Alors qu'une fumée chimique emplissait la pièce, rendant la visée des agresseurs imprécise, Jared atteignit enfin l'ouverture. Ils rampèrent à toute vitesse, le cœur au bord des lèvres. D'autres balles sifflaient, cognant le béton, jusqu'à ce qu'ils parviennent dans l'allée pluvieuse.
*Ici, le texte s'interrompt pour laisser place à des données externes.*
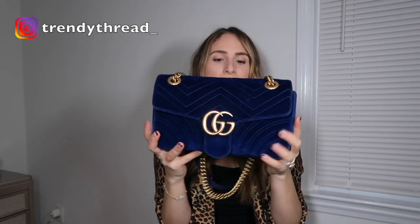As far as the structure of the bag goes, it still has a pretty good structure. I would actually say that the velvet holds its structure better than the leather does, because I noticed even with my mini black Marmont bag, right away it started to kind of squeeze in and the sides would go up. You can see the sides have gone up a little bit, but the structure overall on this is pretty good.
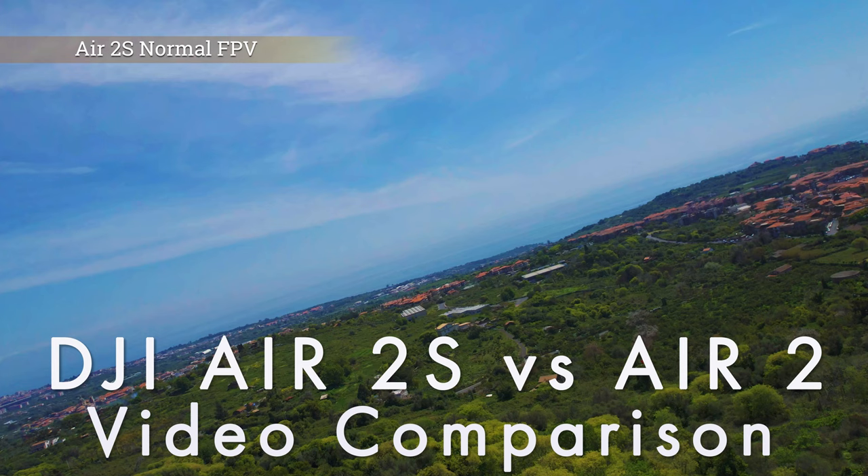I have done a first video about the new DJI R2S, more specifically about its video capabilities versus the Mavic R2, and I was extremely impressed.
Haletants, ils reprirent leur souffle sous les trombes d'eau, Marcus serrant contre lui un cahier qu'il avait subtilisé. Les lumières à l'intérieur du bâtiment clignotaient, des cris montaient, mais nul ne sembla les poursuivre dehors. Ils se précipitèrent vers leur voiture, démarrèrent dans une gerbe d'eau, et disparurent dans la nuit.
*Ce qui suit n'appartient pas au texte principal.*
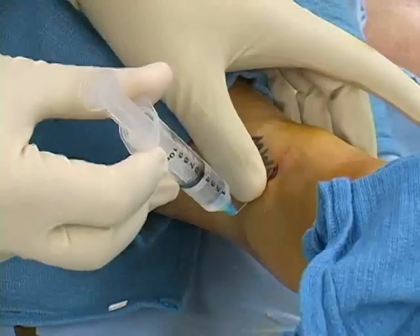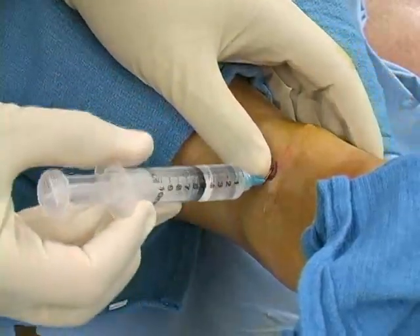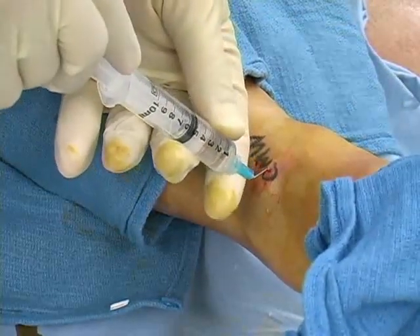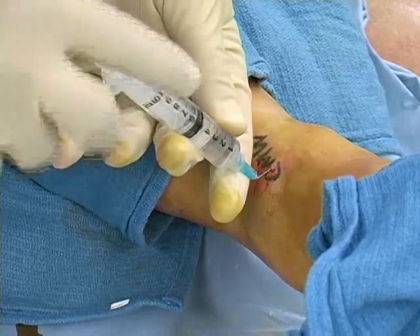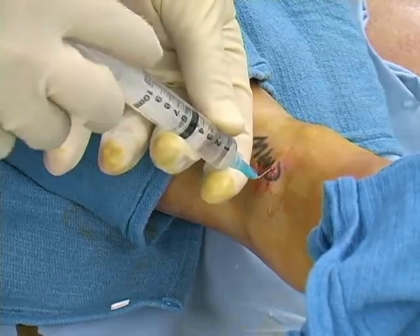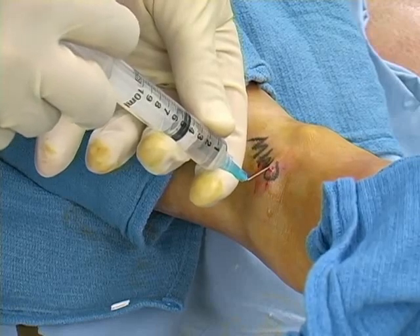Redirect the needle, this time toward the medial malleolus. In a technique similar to the superficial peroneal block, inject five milliliters of local anesthetic, starting at the medial malleolus and ending with the needle tip at the anterior tibial ridge.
Une incertitude symbolique
De retour au salon de coiffure, ils pénétrèrent ruisselants, encore secoués de tremblements. Marcus jeta le carnet récupéré sur la table, en feuilletant d'un air fébrile. Entre des lignes codées, on parlait de "Project Ember" et d'outils pour militariser la magie à petite échelle. Malgré la chute de Vaughn, ses fidèles continuaient à creuser cette voie, sans doute sous la houlette de Kasimir.
Ava laissa échapper un soupir nerveux, tout en épongeant la sueur sur son front.
— « On a ce qu'il faut pour prouver l'existence du labo #4. Et c'est lié à la recherche arcanique. Gallagher peut intervenir si on lui donne l'adresse. »
Jared, essuyant ses lunettes magiques, se sentait vidé.
— « Les Claws pourraient essayer de s'en emparer, maintenant qu'on sait où c'est. Nous voilà entre deux feux… encore. »
Le trio s'observa, comprenant la fragilité persistante de la situation. En moins de vingt-quatre heures, ils avaient confirmé la précarité de la nouvelle ère de Silvercoast : un gang en quête de pouvoir, des laboratoires clandestins maintenant sous la houlette d'un Kasimir inconnu, et un conseil municipal encore incertain face à ces anciens « justiciers » placés malgré eux sous les projecteurs.
Finalement, Jared replaça les Shades dans leur étui, rassemblant le peu de courage qui lui restait.
— « On transmet tout à Gallagher. Qu'il lance une opération sur le labo #4. En parallèle, on surveille les Claws. S'ils essaient de doubler la police, on interviendra. »
Ava esquisça un sourire las.
— « On est devenus coordinateurs de crise à plein temps. »
Marcus, trempé, s'affala sur le vieux fauteuil, la mèche collée au front.
— « Au moins, on est encore debout. On avance. Même si c'est dur, on arrache chaque jour un peu plus de ce cancer qu'était le Syndicat. »
Jared parcourut du regard l'intérieur du salon—les affiches, les ordinateurs éparpillés, le mobilier usé. Un mélange de fierté et de fatigue l'envahit. Malgré leur absence de statut officiel, la ville s'appuyait sur eux pour stabiliser ce qui restait du monde après Vaughn. Ils possédaient les Shades, la détermination, et ce sens du devoir inébranlable.
Dehors, la pluie continuait à taper sur le toit. Dans la pénombre grise de la fin de nuit, ils échangèrent un regard résolu. Un labo de plus découvert, un assaut évité de justesse, et des alliances précaires à gérer. L'horizon se traçait sans certitudes—mais ils persévéraient, inventant peu à peu le visage d'une Silvercoast en quête de renouveau.
Malgré tout, un léger sourire apparut sur les lèvres de Jared. Pour toutes les fractures et tous les dangers, la ville changeait. Peut-être, juste peut-être, pouvaient-ils la guider vers l'aube qu'ils avaient rêvée—là où les braises du Syndicat finiraient par s'éteindre, laissant fleurir un réel espoir sur ces trottoirs luisants de pluie.